Two things. They both matter, but at different time scales and for different reasons:

One is the house; the other personalizes it and makes it your home.

One is the theater; the other is the stage where your play is set.

One should resist change; the other should invite it.

One should be designed for permanence and sustainability; the other should be designed for multiple possibilities and flexibility.

One is your actual shelter; the other allows the shelter to function for your needs and desires.

One has public implications; the other is purely private.

One ought to be worthy of long financing; elements of the other should be paid for immediately or shortly.

The purpose of the theater is what happens on the stage, but it wouldn't be smart to compromise the quality of the theater for the needs of a play. The theater is in service to the stage, but the stage is therefore subservient to the theater.

This sort of paradoxical relationship is the nut of Open Building. It isn't sexy. It's even kind of boring. But understanding it and applying its truth to the process of design and construction could transform the industry and the very idea of home. At the very least, accepting its reality, and applying principles and priorities that arise from that understanding could make houses and homes much better places for less cost.

My childhood home, which we affectionately call "2320," is a good example of a typical older home living out its long-term potential and its short-term continual change. It’s now about 120 years old and is in its 4th incarnation. It started out as a single family home, became a rooming house, and then was broken into three different apartments. My father saved it from the wrecking ball and had it moved a mile up the street. With that, it was occupied by 13 rowdy Bensons and it stayed in our family for about 40 years.

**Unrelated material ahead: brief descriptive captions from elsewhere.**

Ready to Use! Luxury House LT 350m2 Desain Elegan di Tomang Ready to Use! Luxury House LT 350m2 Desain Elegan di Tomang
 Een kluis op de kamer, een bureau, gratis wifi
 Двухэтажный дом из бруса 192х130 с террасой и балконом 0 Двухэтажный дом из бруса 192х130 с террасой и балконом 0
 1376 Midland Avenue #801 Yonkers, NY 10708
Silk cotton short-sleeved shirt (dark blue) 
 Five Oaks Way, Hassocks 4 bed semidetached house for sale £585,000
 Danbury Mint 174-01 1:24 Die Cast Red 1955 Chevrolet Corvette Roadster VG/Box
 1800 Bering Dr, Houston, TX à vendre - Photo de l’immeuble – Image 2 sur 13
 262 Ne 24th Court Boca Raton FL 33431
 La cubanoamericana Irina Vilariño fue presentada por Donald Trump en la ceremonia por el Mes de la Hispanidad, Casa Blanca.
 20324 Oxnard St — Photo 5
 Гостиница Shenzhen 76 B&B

When we sold it, the buyer bought it with a sub-prime mortgage and never even made the first payment. Instead the “owner” stripped out the millwork,, sold it on EBay, and otherwise did his/her best to destroy the place. But a new buyer, like my dad, recognized its beauty and value and has completely restored it for her family and her at-home business. It’s hard to imagine why 2320 won’t be useful and no doubt made over a few more times in next 120 years.

The theater lives on; the stage is constantly changing. Unfortunately, 2320 wasn't built for the inevitable churn and change that's happened over the years. Each of the incarnations has been difficult and expensive, or has caused the inhabitants to adapt to the building in uncomfortable ways.

The challenge Miyasaka and I have been noodling about is two-fold: How do we get the theater to support the requirements of the stage and, on the other hand, how do we ensure that the plays on the stage don't cause people to forget the needs of the theater. Being the diligent and thoughtful man that he is, Miyasaka came up with a plan to help put the priorities in the right place. Notice that the brown refers to the "Support" (Theater) considerations, while the blue refers to the "Infill" (Stage) considerations.

Miyasaka is showing that the budget for the Support/Theater is fixed, while the budget for the Infill/Stage is variable. By this chart, he is proposing to his clients different strategies for affecting the completeness or the level of finish for the Infill for the purpose of making the underlying house construction all that it should be. He offers no strategy to go the other way, which I think is brilliant.